*** Opening MATERIALS PROVIDED ***

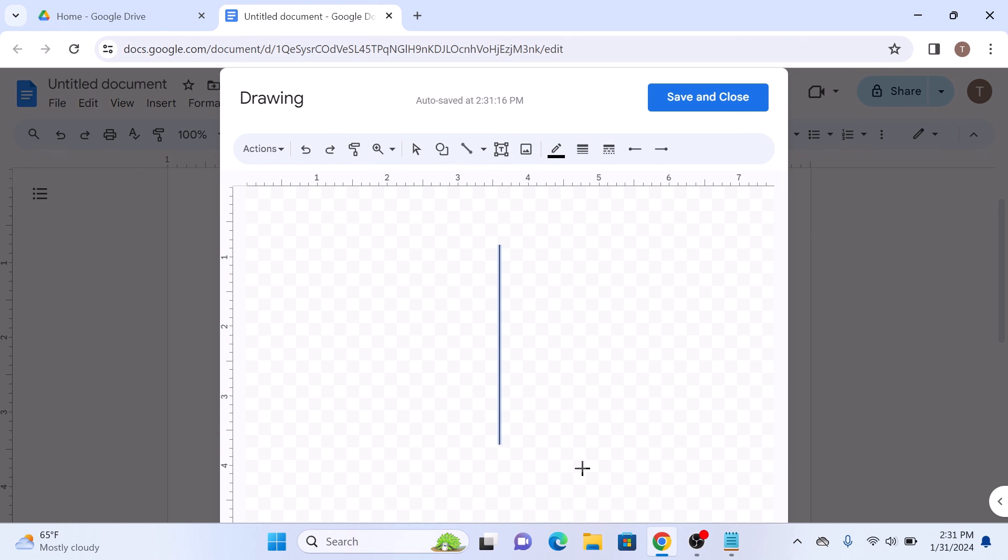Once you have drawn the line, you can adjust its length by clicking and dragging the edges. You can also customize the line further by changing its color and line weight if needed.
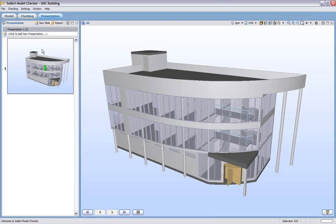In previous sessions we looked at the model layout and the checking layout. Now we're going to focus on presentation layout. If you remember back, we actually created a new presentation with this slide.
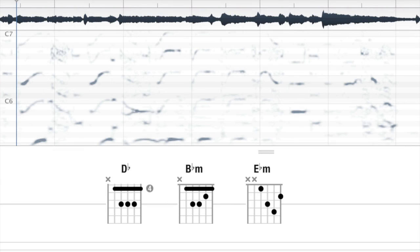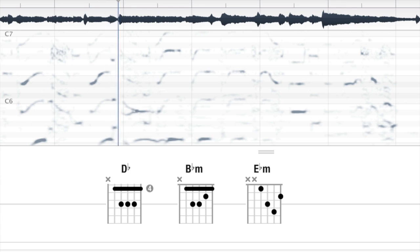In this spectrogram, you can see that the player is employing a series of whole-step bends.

*** Closing MATERIALS PROVIDED ***
*** Opening MATERIALS PROVIDED ***

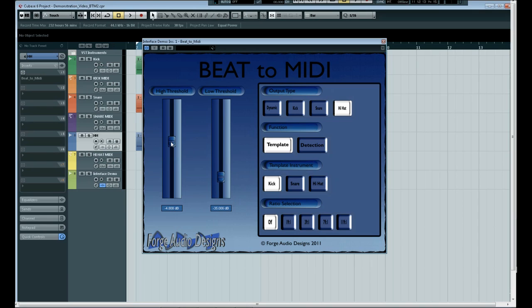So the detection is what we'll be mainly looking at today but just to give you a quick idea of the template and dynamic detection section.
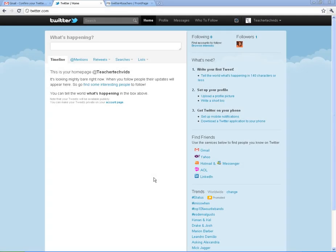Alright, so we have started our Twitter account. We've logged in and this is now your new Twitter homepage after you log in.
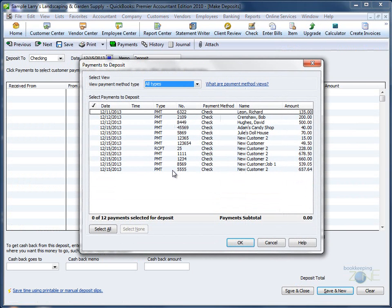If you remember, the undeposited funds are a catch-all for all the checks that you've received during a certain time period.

*** Closing MATERIALS PROVIDED ***

> _WORK REQUIRED_
Starting at the line containing "So the detection" and stopping at the line containing "If you remember, the", output each line exactly as it appears above. Leave out the pictures.

> _WRITTEN RESPONSE_
So the detection is what we'll be mainly looking at today but just to give you a quick idea of the template and dynamic detection section.
Alright, so we have started our Twitter account. We've logged in and this is now your new Twitter homepage after you log in.
If you remember, the undeposited funds are a catch-all for all the checks that you've received during a certain time period.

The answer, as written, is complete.